## Directions for this task
Where a picture appears, leave it out, and transcribe all the lines below exactly.

[[ Information shown open ]]

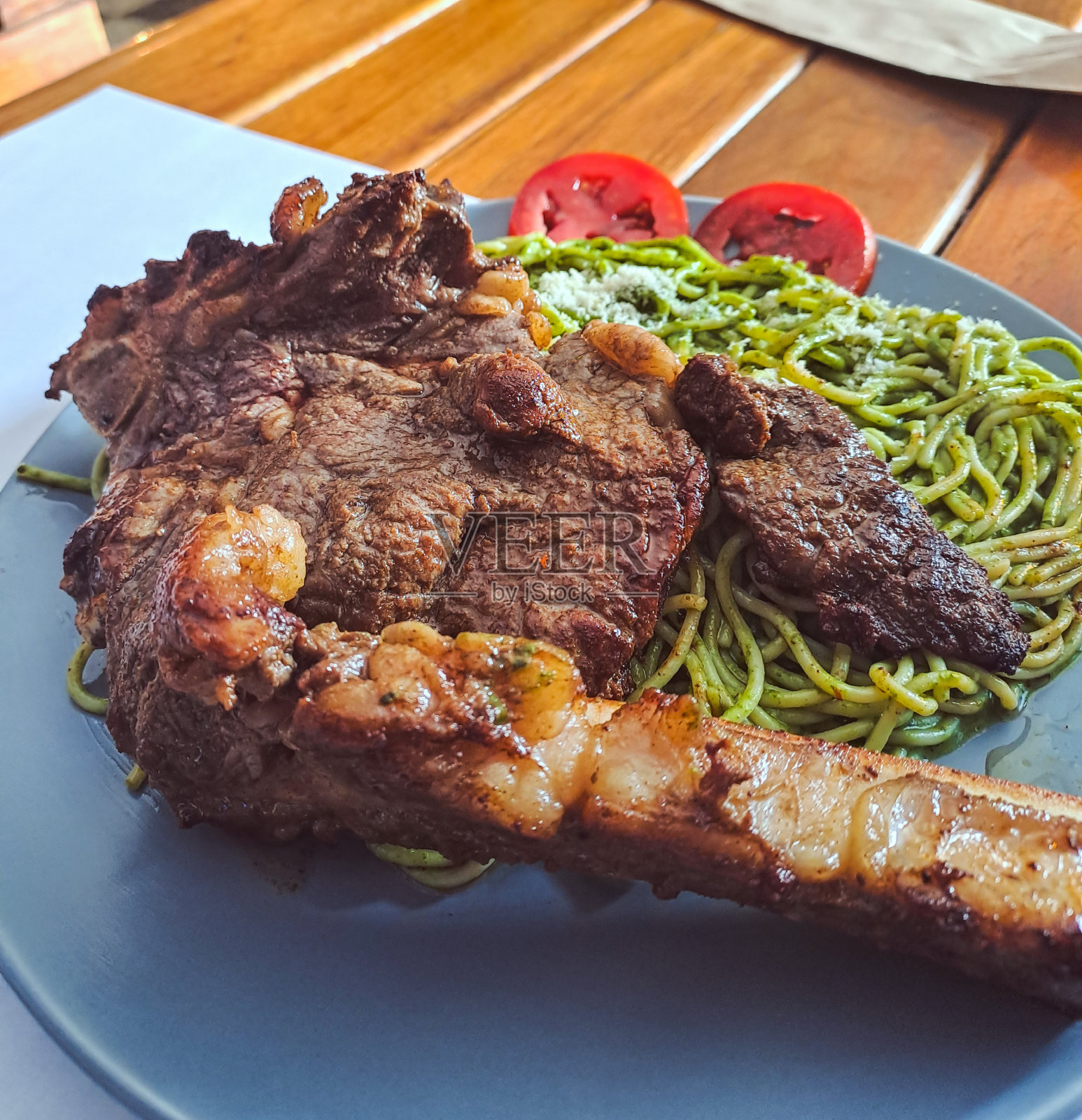 墨西哥，墨西哥，墨西哥。意大利香蒜沙司配大牛排，秘鲁菜。照片摄影图片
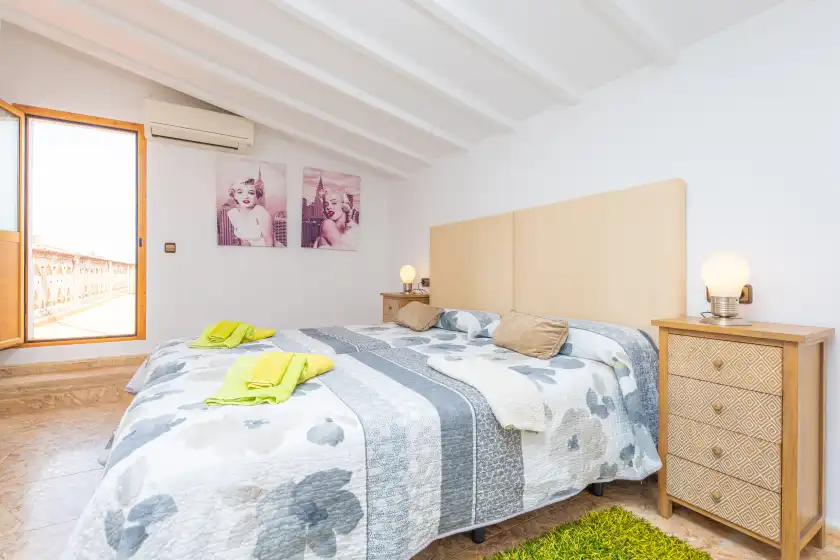 Holiday rentals in Sa verdera, Maria de la Salut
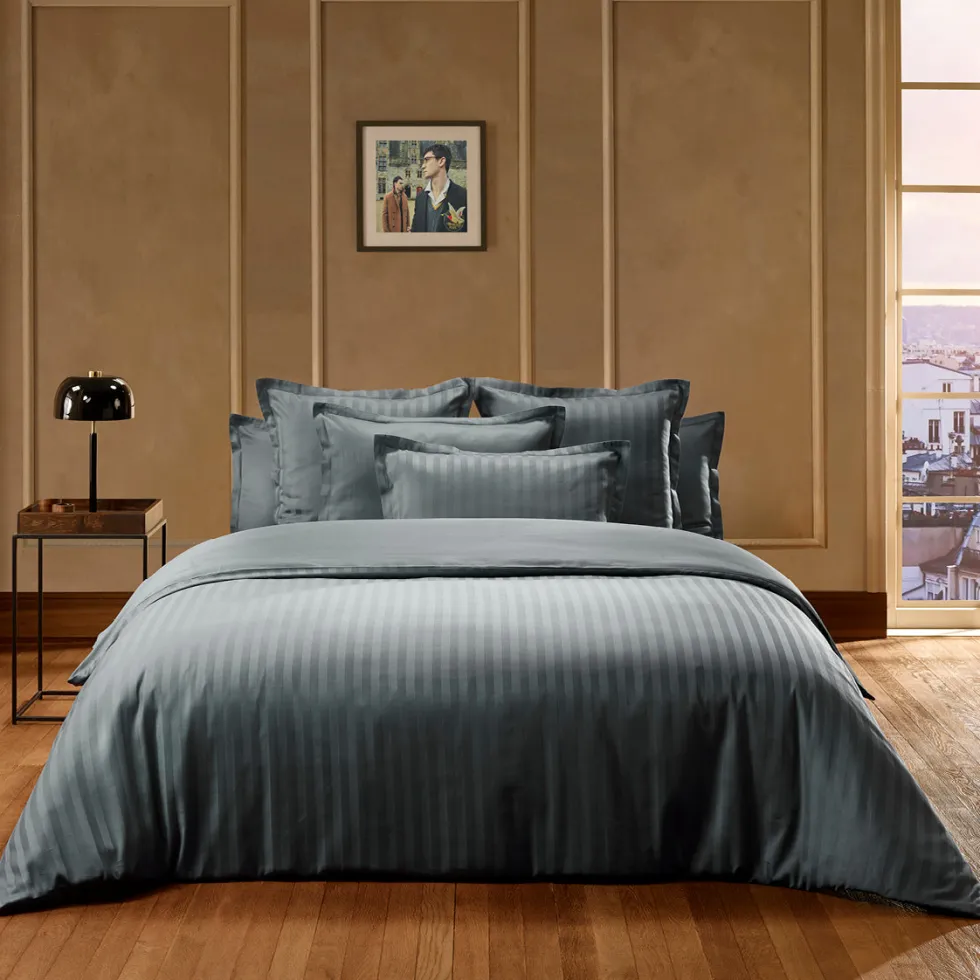 housse_de_couette__taies__2-192.webp Housse de couette + taie(s) d'oreiller satin de coton - rayure tissé Jacquard - Gris foncé*Chevignon Discount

[[ Information shown closed ]]

## Answer for the task
 墨西哥，墨西哥，墨西哥。意大利香蒜沙司配大牛排，秘鲁菜。照片摄影图片
 Holiday rentals in Sa verdera, Maria de la Salut
 housse_de_couette__taies__2-192.webp Housse de couette + taie(s) d'oreiller satin de coton - rayure tissé Jacquard - Gris foncé*Chevignon Discount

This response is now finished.